An Adaptive Global-Local Generalized Finite Element Method for Transient Partial Differential Equations
Advisors: Prof. Armand Duarte and Prof. Albert Valocchi
Zoom link https://illinois.zoom.us/j/84288506945?pwd=dE9oZVFjV2xDbWdBOWxMbGwvS21Zdz09
Abstract
This dissertation presents a novel Generalized Finite Element Method with global-local enrichment (GFEMgl) to solve time-dependent parabolic and hyperbolic problems with spatial features smaller than the coarse element size. It allows global and local problems to independently choose their own time integrators. One benefit is that it is feasible to use an explicit time integration method for the global problem to solve advection-dominated problems, whereas the fine-scale reference FEM must choose an implicit one due to the fine mesh size. A potential future research direction is to address stiff problems that possess different time scales with different time integrators. Compared to currently available GFEMgl, the proposed method solves transient instead of steady-state PDEs, possibly with different time integrators among the global and local problems. The proposed approach can solve general transient problems, and it is tested for the solution of the heat, advection, and advection-diffusion equations whose accuracy, stability, scalability, and convergence are analyzed. Compared with direct analysis by fine-scale FEM, numerical results show that the proposed method has the following properties: 1) the accuracy closely matches direct analysis result with a fine mesh; 2) the critical time step size is loosened; 3) optimal convergence rate is achieved; 4) the fine-scale solution can also be retrieved. To improve computation efficiency, an ad-hoc adaptive approach where local problems can be turned on if their solutions are not helpful for the current global time step motivates the fully automated adaptive approach as follows.

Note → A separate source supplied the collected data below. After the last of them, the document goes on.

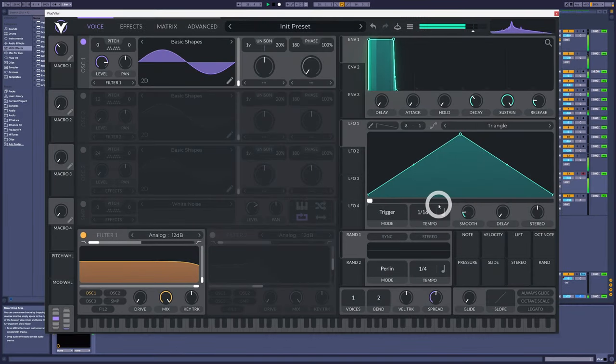Granular synthesis is a little more modern than wavetable in the sense that it was popularized more recently, but it was still invented in the 60s. It was Iannis Xenakis who first achieved it — using tape splicing, believe it or not.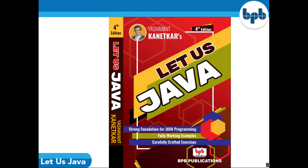And welcome everyone. In this video we will be discussing the remaining topics of the latest version of the book, Let Us Java, written by Yashavant Kanetkar and published by BPB Publications. So let's see what we will have now in this book.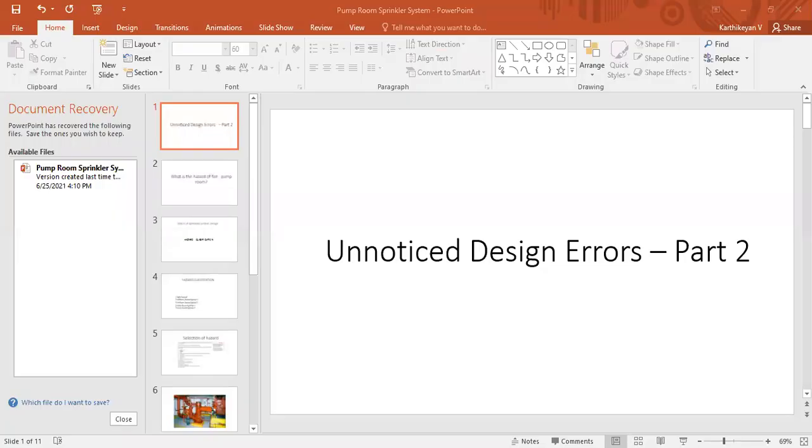Hello viewers, thanks for your support in our channel. We are continuously discussing fire protection engineering. Today we are going to cover one interesting topic. Let's move to unnoticed design errors part two. In this series of videos we are covering the topics of repeated design errors, what are all the errors that happen again and again in many projects made by engineers. These are from my experience, what I have seen in my experience I have shared here.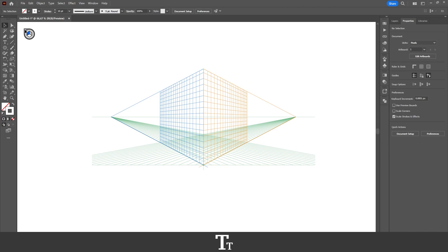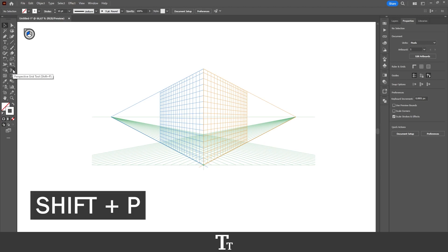That's actually really easy to do. All you have to do is go over to the toolbar in the left side of the screen, and you want to find the perspective grid tool. You can also use the keyboard shortcut Shift-P to select it.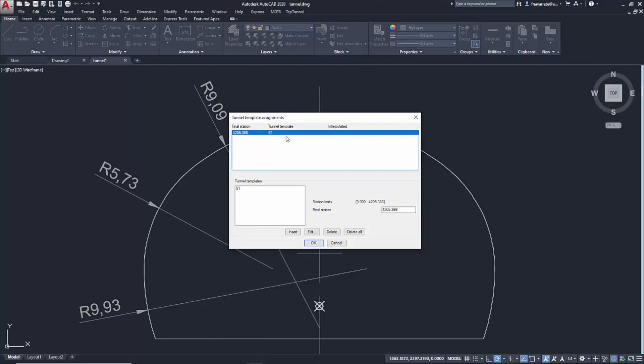By default, the only one we have already defined appears assigned for the entire alignment. You have to take into account that the program interpolates between two contiguous templates, so this transition distance must be considered.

A fully automated adaptive algorithm for the Generalized Finite Element Method with global-local enrichment
(GFEMgl) for transient multiscale PDEs is developed. At each time step, the adaptive algorithm detects a subset of global nodes with trivial enrichments, which are exactly or close to linearly dependent from the underlying coarse FEM basis, and then removes them from the global system. It is based on the calculation of the ratio between the largest and smallest singular values of small sub-matrices extracted from the global system of equations which introduces little overhead over the non-adaptive GFEMgl for transient PDEs. Compared to existing adaptive multiscale approaches, where either an a-posterior error estimate, a change in physical quantities, or a local problem residual is calculated, the proposed approach provides an innovative framework based on singular values, and it is more efficient since the calculation does not rely on local problem solutions.